The facts that constructs measured by the NAEP scales are defined by the NAEP frameworks, that NAEP items have been specifically written to fit the frameworks, and that NAEP items have been reviewed many times by content specialists are evidence of the validity of the constructs measured in NAEP assessments. Therefore, the studies of dimensionality that have been completed focus not only on the number of dimensions that underlie the various NAEP instruments, but also on whether there is a sufficiently strong first dimension to support inferences about composite scales in NAEP and on the usefulness of certain methodologies for studying dimensionality when data is collected using a BIB booklet design. It should be noted that if the items that are part of subscales that contribute to a composite score can be reasonably considered to measure the same construct then each of the subscales containing those items would be considered unidimensional. In addition to these studies of dimensionality for the group of items contributing to certain NAEP scales, each item is examined for fit to the NAEP scales via item fit statistics and comparisons of empirical and theoretical item response functions. In general, studies of dimensionality have shown that it is reasonable to treat the data for NAEP scales as unidimensional.
In an early study, the dimensionality of NAEP reading assessment data collected during the 1983-84 academic year was examined by Zwick (1986, 1987). Zwick also studied simulated data designed to mirror the NAEP reading item response data but having known dimensionality. Analysis of the simulated datasets allowed her to determine whether the BIB booklet design artificially increases dimensionality. Zwick found substantial agreement among various statistical procedures, and that the results using BIB booklet designs were similar to results for complete datasets. Overall she concluded that "it is not unreasonable to treat the data as unidimensional" (1987, p. 306).
Rock (1991) studied the dimensionality of the NAEP mathematics and science tests from the 1990 assessment using confirmatory factor analysis. His conclusion was that there was little evidence for "discriminant validity" except for the geometry scale at the eighth-grade level and that "we are doing little damage in using a composite score in mathematics and science" (p. 2).

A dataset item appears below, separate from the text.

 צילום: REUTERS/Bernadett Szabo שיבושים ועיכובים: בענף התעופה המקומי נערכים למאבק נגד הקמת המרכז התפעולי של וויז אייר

A second-order factor model was used by Muthén (1991) in a further analysis of Rock's mathematics data to examine subgroup differences in dimensionality. Evidence of content-specific variation within subgroups was found, but the average (across seven booklets) percentages of such variation was very small, ranging from essentially 0 to 22, and two-thirds of these percentages were smaller than 10.
Carlson and Jirele (1992) examined 1990 NAEP mathematics data. Analyses of simulated one-dimensional data were also conducted, and the fit to these data was slightly better than that to the real NAEP data. Although there was some evidence suggesting more than one dimension in the NAEP data, the strength of the first dimension led the authors to conclude that the data "are sufficiently unidimensional to support the use of a composite scale for describing the NAEP mathematics data, but that there is evidence that two dimensions would better fit the data than one" (p. 31).
Carlson (1993) studied the dimensionality of the 1992 mathematics and reading assessments. The relative sizes of fit statistics for simulated as compared to actual data suggested that lack of fit may be more due to the BIB booklet design of NAEP than the number of dimensions fitted. Kaplan (1995) similarly found that the chi-squared goodness of fit statistic in the "maximum likelihood factor analysis" model was inflated when data were generated using a BIB design. The sizes of the fit statistics for incomplete simulation conditions (a BIB design as in the actual NAEP assessment) were more like those of the real data than were those of the case of simulation of a complete data matrix. Consistent with findings of Zwick (1986, 1987), however, the incomplete design for data collection used in NAEP does not appear to be artificially inflating the number of dimensions identified using these procedures.